# Standing wave A standing wave (black) as a superposition of two opposing traveling waves ( red and blue). The nodes of the standing wave are at the red points.

A standing wave , also called a standing wave , is a wave whose deflection always remains at zero at certain points. It can be understood as the superposition of two oppositely advancing waves of the same frequency and the same amplitude . The opposing waves can originate from two different pathogens or can be caused by the reflection of a wave on an obstacle. For water waves, see Clapotis .

A mechanical example of a one-dimensional standing wave is a rope wave, in which one end of the rope is moved up and down, creating a progressive wave in the rope. If the other end of the rope is attached, the wave is reflected there and runs back on the rope. As a result, you no longer see a progressive wave, but the rope performs an oscillation in which certain points remain at rest ( wave nodes or vibration nodes , also fast nodes ), while others with a large oscillation range ( amplitude ) oscillate back and forth ( wave antinodes or antinodes , too Quick belly ).

## background

The distance between two wave nodes or two wave antinodes is half the wavelength of the original advancing waves.
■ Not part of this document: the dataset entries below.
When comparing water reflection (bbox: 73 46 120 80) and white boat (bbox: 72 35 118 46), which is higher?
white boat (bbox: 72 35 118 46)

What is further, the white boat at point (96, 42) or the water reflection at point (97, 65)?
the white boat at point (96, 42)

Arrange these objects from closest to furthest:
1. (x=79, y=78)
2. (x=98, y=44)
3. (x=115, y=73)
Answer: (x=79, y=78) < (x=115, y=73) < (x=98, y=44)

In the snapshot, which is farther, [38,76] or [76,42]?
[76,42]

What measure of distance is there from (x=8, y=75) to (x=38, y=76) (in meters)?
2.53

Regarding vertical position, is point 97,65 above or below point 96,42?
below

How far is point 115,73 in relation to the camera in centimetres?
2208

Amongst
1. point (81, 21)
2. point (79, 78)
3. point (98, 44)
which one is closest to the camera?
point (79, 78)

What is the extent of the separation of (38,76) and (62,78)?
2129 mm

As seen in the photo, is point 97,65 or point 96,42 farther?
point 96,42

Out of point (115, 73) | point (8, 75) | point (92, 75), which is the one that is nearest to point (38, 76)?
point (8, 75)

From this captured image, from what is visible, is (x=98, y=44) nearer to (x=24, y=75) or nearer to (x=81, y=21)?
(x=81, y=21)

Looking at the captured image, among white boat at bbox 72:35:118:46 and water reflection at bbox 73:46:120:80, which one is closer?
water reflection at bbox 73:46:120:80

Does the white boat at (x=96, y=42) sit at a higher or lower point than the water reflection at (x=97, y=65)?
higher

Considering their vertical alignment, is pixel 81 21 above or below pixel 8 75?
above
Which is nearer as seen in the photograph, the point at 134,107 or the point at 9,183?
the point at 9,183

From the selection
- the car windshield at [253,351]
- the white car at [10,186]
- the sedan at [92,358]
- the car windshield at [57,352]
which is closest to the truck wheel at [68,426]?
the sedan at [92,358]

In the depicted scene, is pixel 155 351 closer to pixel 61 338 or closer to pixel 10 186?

With some standing waves a second quantity is important, the nodes and bellies of which are shifted by a quarter of a wavelength compared to those of the first quantity. In the case of a standing electromagnetic wave , the two quantities are the electric and magnetic field strength ; in the case of a standing sound wave in a wind instrument, the air pressure and the speed of sound . In these cases the terms belly and knot are therefore ambiguous; Designations such as pressure belly, pressure knot, fast belly (amplitude belly), fast knot (amplitude knot) are clear .

If the standing wave is generated by means of two in-phase (synchronously vibrating) exciters, there is an (amplitude) belly exactly in the middle between them, since the waves arrive here at the same time and always reinforce each other. A quarter of a wavelength away from this, the time difference of arrival is half an oscillation period. The waves are out of phase here and cancel each other out, creating a (amplitude) node. (Node) By generalizing this consideration one finds the conditions:

Belly : The distance d of an antinode from the center is a multiple of half the wavelength.

${\ displaystyle d = n \ cdot {\ frac {\ lambda} {2}} \ qquad {\ text {with}} \ qquad n = 0,1,2, \ dots}$ Node : The distance d of a vibration node from the center is a multiple of half the wavelength plus a quarter.

${\ displaystyle d = \ left (n + {\ frac {1} {2}} \ right) \ cdot {\ frac {\ lambda} {2}} \ qquad {\ text {with}} \ qquad n = 0, 1,2, \ dots}$ The energy transported by the wave is thrown back by the reflection. No energy transport therefore takes place on a waveguide with a standing wave created by complete reflection. If the wave is only partially reflected, there is a superposition of standing and advancing waves. In this case, energy is transported.

## Standing waves between two reflectors

Only standing waves with certain wavelengths can form between two reflectors. The frequencies for these wavelengths are called natural frequencies or natural resonances.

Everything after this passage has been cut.